Re: Dynamic Shared Memory stuff

From: Robert Haas <robertmhaas(at)gmail(dot)com>
To: Heikki Linnakangas <hlinnakangas(at)vmware(dot)com>
Cc: PostgreSQL-development <pgsql-hackers(at)postgresql(dot)org>
Subject: Re: Dynamic Shared Memory stuff
Date: 2013-11-20 19:58:24
Message-ID: CA+TgmoZOLrXTpi-10w=mqzFwhHe8=a=oGrScN5QyBxu+LarXNA@mail.gmail.com
Views: Raw Message | Whole Thread | Download mbox | Resend email
Thread:
Lists: pgsql-hackers

On Wed, Nov 20, 2013 at 8:32 AM, Heikki Linnakangas
<hlinnakangas(at)vmware(dot)com> wrote:
> I'm trying to catch up on all of this dynamic shared memory stuff. A bunch
> of random questions and complaints:
>
> What kind of usage are we trying to cater with the dynamic shared memory?

Parallel sort, and then parallel other stuff. Eventually general
parallel query.

I have recently updated https://wiki.postgresql.org/wiki/Parallel_Sort
and you may find that interesting/helpful as a statement of intent.
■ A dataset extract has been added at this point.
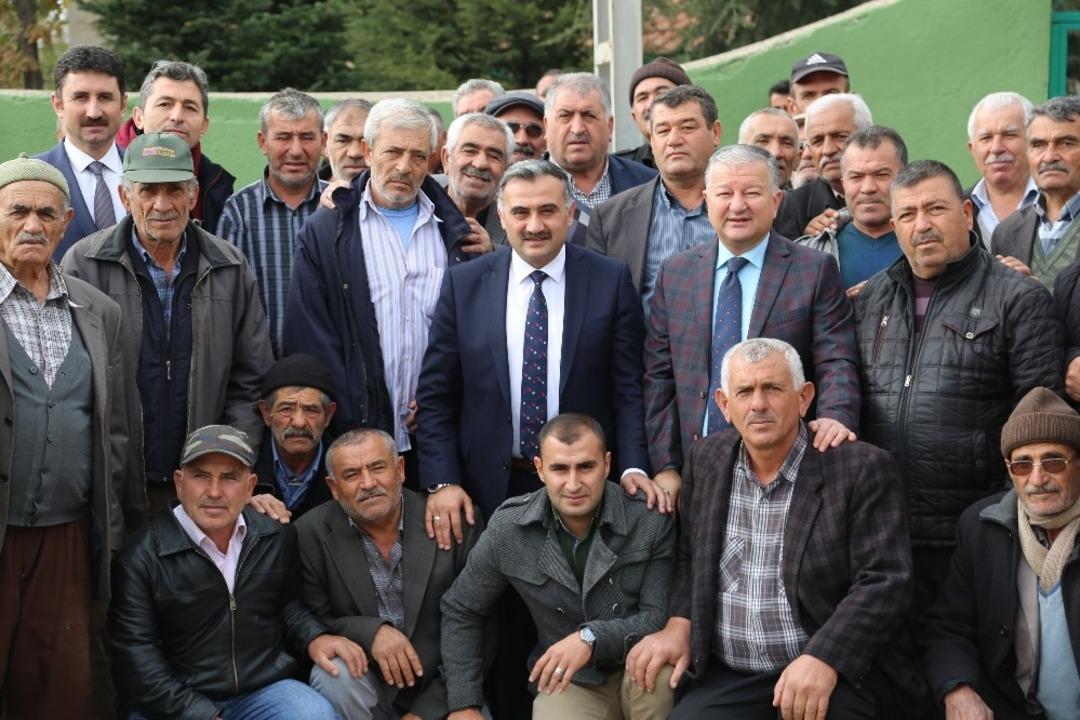Belediye Başkanı Ve İl&ccedil;e Kaymakamı Şahmelik Okulunu Ziyaret Etti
> How many allocations? What size will they have have typically, minimum and
> maximum?

The facility is intended to be general, so the answer could vary
widely by application. The testing that I have done so far suggests
that for message-passing, relatively small queue sizes (a few kB,
perhaps 1 MB at the outside) should be sufficient. However,
applications such as parallel sort could require vast amounts of
shared memory. Consider a machine with 1TB of memory performing a
512GB internal sort. You're going to need 512GB of shared memory for
that.

> I looked at the message queue implementation you posted, but I
> wonder if that's the use case you're envisioning for this, or if you have
> more things in mind.

I consider that to be the first application of dynamic shared memory
and expect it to be used for (1) returning errors from background
workers to the user backend and (2) funneling tuples from one portion
of a query tree that has been split off to run in a background worker
back to the user backend. However, I expect that many clients of the
dynamic shared memory system will want to roll their own data
structures. Parallel internal sort (or external sort) is obviously
one, and in addition to that we might have parallel construction of
in-memory hash tables for a hash join or hash agg, or, well, anything
else you'd like to parallelize. I expect that many of those case will
result in much larger allocations than what we need just for message
passing.

> * dsm_handle is defined in dsm_impl.h, but it's exposed in the function
> signatures in dsm.h. ISTM it should be moved to dsm.h

Well, dsm_impl.h is the low-level stuff, and dsm.h is intended as the
user API. Unfortunately, whichever file declares that will have to be
included by the other one, so the separation is not as clean as I
would like, but I thought it made more sense for the high-level stuff
to depend on the low-level stuff rather than the other way around.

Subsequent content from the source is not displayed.